While they were in the hallway, a returnee from another room stopped for around 15 minutes while sitting closer than 2m. They were wearing a mask.
About 9.45pm another returnee left their room and entered another room, understood to be occupied by their cousin, and stayed for about 20 minutes. Neither were wearing masks.
The third incident, about 10pm, involved seven returnees sitting in a hallway, talking within close proximity of each other without masks for over 15 minutes. One of the seven had been involved in an earlier breach.
They were warned to return to their rooms immediately and not enter the hallway without masks at any time, but were seen in the corridor again.
The four were given a police warning.
All have had a 48 hour post-breach swab on Wednesday and and will remain isolated until they receive a negative result.
"The actions of all involved are disappointing", the statement from King said.
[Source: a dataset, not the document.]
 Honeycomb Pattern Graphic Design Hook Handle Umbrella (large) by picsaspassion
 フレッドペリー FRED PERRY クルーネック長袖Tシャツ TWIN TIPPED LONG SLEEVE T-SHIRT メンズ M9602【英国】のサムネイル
"Bubble breaches do happen from time to time inside MIQ. In the context of 145,000 people having been through MIQ so far, the numbers are relatively low though."
The statement said a Samoan speaker was on site on Wednesday talk through the rules and check they were understood.
"We have told the individual returnees how they can call other rooms to communicate if they wish."
Information is translated into 20 languages and translators can be made available if needed, the statement said. "A number of MIQ staff speak other languages - as was the case in this situation."
* This story has been updated after MIQ corrected their figures on the number of people involved in the breaches.